Polymers

Special mechanical properties

• elasticity - the ability to high reversible deformations at a relatively small load (rubbers);
• low fragility of glassy and crystalline polymers (plastics, organic glass);
• the ability of macromolecules to orient themselves under the action of a directed mechanical field (used in the manufacture of fibers and films).

Features of polymer solutions:

• high viscosity of the solution at a low polymer concentration;
• polymer dissolution occurs through a swelling step.

Special chemical properties:

• the ability to dramatically change their physical and mechanical properties under the influence of small amounts of reagent (vulcanization of rubber, tanning of leathers, etc.).

The special properties of polymers are explained not only by their large molecular weight, but also by the fact that macromolecules have a chain structure and are flexible.

Polymers made from different monomers or chemically bonded molecules of different polymers are called copolymers. For example, high impact polystyrene is a polystyrene – polybutadiene copolymer ^[3] .

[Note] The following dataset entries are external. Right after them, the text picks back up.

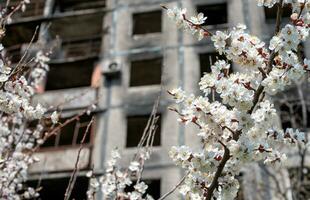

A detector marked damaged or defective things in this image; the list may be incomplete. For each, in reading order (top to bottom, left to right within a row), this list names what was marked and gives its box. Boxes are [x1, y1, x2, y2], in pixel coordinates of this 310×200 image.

broken window [0, 0, 45, 18]
broken window [133, 10, 162, 34]
broken window [197, 3, 226, 26]
broken window [262, 4, 292, 21]
broken window [2, 20, 40, 63]
broken window [44, 57, 97, 90]
broken window [129, 57, 162, 86]
broken window [200, 51, 231, 77]
broken window [40, 112, 92, 148]
broken window [126, 115, 161, 148]
broken window [25, 177, 89, 199]
broken window [124, 180, 161, 198]
broken window [288, 168, 310, 199]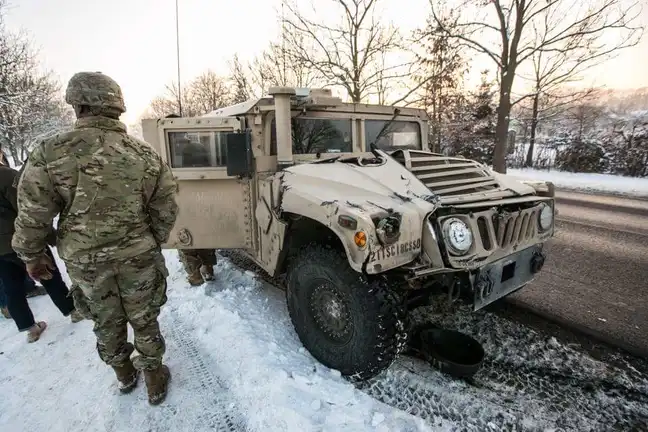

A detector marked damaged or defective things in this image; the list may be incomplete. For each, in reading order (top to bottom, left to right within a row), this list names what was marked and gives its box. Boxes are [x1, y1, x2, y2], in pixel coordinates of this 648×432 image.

damaged humvee [143, 86, 556, 380]
broken headlight [374, 214, 400, 245]
broken headlight [442, 218, 474, 255]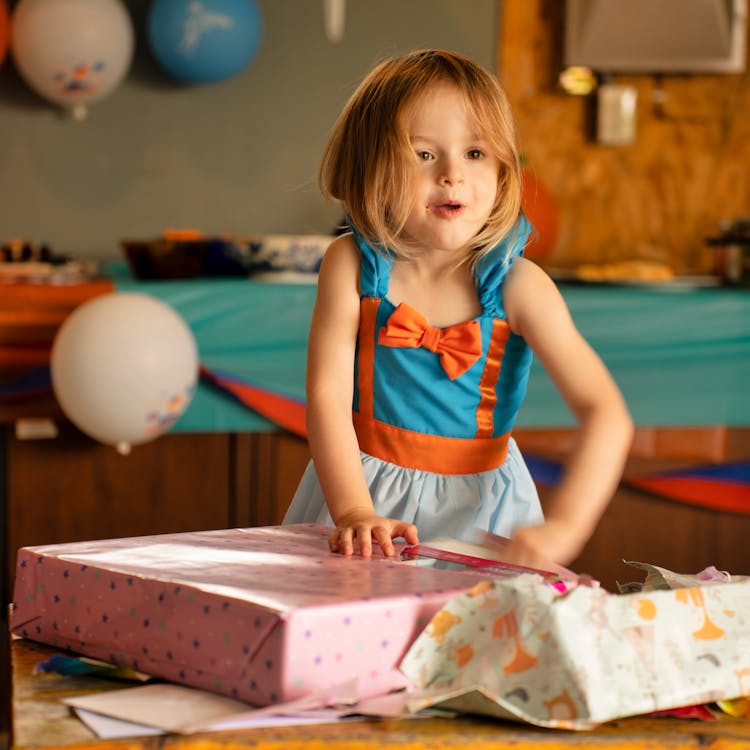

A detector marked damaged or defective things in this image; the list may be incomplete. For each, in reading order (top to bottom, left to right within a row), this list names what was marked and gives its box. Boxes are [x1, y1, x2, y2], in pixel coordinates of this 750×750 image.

torn wrapping paper [8, 524, 502, 708]
torn wrapping paper [402, 572, 750, 732]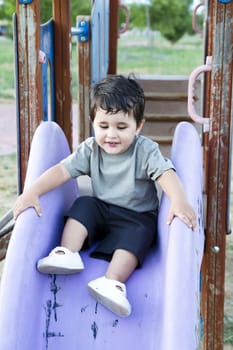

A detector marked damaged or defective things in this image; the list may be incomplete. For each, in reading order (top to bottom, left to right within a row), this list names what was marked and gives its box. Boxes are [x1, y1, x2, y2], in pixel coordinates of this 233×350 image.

The copolymers vary in structure, manufacturing technology and obtained properties. In 2014, technologies were created ^[3] :

• statistical copolymers formed by chains containing chemical groups of various nature are obtained by polymerization of a mixture of several starting monomers;
• alternating copolymers are characterized by chains in which radicals of different monomers alternate;
• grafted copolymers are formed by attaching side chains of the molecules of the second monomer to the side to macromolecules formed from the main monomer;
• grafted copolymers are called grafted copolymers with very long side chains;
• block copolymers are constructed from sufficiently long chains (blocks) of one monomer, connected at the ends with sufficiently long chains of another monomer.

Copolymer Properties

Comb-like copolymers can be composed of materials with different properties, which gives such a copolymer fundamentally new properties, for example, liquid crystalline ^[3] .

In block copolymers composed of components with different properties, superlattices arise, which are built up of blocks of different chemical nature that are separated into a separate phase. The sizes of the blocks depend on the ratio of the starting monomers. So, brittle polystyrene is added to tensile strength up to 40% by copolymerization with 5-10% polybutadiene, and high-impact polystyrene is obtained, and at 19% polystyrene in polybutadiene the material exhibits rubber-like behavior ^[3] .

According to the chemical composition, all polymers are divided into organic , organoelemental , inorganic .

• Organic polymers.
• Organoelement polymers. They contain inorganic atoms ( Si , Ti , Al ) combined with organic radicals in the main chain of organic radicals. In nature, they are not. An artificially obtained representative is organosilicon compounds.
• Inorganic polymers . They do not contain C - C bonds in the repeating unit, but they are able to contain organic radicals , like side substituents.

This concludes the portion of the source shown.